VanGorder spent the past four years as defensive coordinator of the Atlanta Falcons, while Martinez wound up spending nine seasons under Richt, including five as coordinator after VanGorder left for his first NFL job. Martinez was fired after the 2009 regular season and spent the past two seasons as Oklahoma's secondary coach.

The two longtime friends have backgrounds that include stints at Grand Valley State, Central Michigan and Central Florida, and each has racked up his share of red in the wardrobe over the past decade, but that has changed abruptly.

"My closet is all blue now," Martinez said. "It looks good. I look good in blue, and my wife looks really good in blue. The first time I laid eyes on Kim, she was wearing blue, so I'm fired up to see her in blue."

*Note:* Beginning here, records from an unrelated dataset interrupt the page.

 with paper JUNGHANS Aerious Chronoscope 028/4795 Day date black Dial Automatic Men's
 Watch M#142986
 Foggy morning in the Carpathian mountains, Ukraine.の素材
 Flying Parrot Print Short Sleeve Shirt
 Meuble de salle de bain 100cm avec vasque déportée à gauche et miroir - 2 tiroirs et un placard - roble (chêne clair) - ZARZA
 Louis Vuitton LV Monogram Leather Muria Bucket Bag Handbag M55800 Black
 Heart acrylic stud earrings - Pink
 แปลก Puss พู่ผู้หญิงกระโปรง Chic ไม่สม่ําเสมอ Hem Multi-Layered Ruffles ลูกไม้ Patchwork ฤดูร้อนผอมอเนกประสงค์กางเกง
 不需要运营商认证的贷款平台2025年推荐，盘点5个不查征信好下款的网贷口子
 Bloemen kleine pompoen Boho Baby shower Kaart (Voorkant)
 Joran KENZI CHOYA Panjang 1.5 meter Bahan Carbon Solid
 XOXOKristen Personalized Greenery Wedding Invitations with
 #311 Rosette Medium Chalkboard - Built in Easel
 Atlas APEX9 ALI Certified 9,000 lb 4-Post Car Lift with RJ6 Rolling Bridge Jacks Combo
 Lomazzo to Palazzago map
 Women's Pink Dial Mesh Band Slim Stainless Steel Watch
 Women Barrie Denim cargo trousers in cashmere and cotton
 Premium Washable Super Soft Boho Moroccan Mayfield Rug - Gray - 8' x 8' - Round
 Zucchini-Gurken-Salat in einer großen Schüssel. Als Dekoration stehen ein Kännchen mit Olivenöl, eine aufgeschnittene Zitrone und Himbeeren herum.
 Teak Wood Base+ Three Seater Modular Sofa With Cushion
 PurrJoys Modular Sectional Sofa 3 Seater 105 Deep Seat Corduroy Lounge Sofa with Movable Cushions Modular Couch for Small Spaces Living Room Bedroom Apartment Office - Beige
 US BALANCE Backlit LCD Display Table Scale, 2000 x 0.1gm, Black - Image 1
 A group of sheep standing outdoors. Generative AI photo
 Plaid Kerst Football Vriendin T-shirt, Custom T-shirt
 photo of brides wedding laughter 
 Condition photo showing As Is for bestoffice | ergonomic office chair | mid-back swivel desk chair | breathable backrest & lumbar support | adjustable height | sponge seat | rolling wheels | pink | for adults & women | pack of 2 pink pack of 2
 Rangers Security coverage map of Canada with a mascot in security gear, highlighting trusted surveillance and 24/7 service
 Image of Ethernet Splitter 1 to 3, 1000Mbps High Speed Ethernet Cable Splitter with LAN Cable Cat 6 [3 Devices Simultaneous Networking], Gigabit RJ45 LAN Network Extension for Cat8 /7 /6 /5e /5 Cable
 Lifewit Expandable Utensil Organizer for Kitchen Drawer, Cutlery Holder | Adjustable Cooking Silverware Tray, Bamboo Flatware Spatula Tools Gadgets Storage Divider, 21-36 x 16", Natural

VanGorder and Martinez are fired up to be together again, though coaching at Auburn is very different from their initial dip into the SEC.

"I was a no-name, and people questioned whether or not my resume even qualified me for the Georgia job," VanGorder said. "Quite honestly, I had the same questions, because I didn't know if I was ready for this or if I could do this. That was kind of my motivation, and coming back into the SEC years later, I've done it and I've worked my way into the highest level of football in the world.

"I'm a much better coach today at Auburn with way more experience and way more knowledge. My motivation at this point in time is to give to Auburn and give these kids the experience and tools that I've learned to where it's a good situation for everybody."

Auburn and Georgia are scheduled to meet Nov. 10 in Auburn, which will be the 10th game of the 2012 season for each team. The Bulldogs rolled to a 45-7 win last season and need one more victory to square a series that began in 1892 and is the Deep South's oldest rivalry.

It should be an interesting time for VanGorder and Martinez, whose two daughters graduated from Georgia, as well as for Richt and longtime assistants Mike Bobo and Rodney Garner.

"I don't know if it could get much more emotional for our team and for our coaching staff," Richt said. "Every time we play those guys it's huge to us, and we're always hoping when we play that game that it's meaningful for both teams. When you know guys really well and you know them and love them, it probably adds a little something to it on a personal level."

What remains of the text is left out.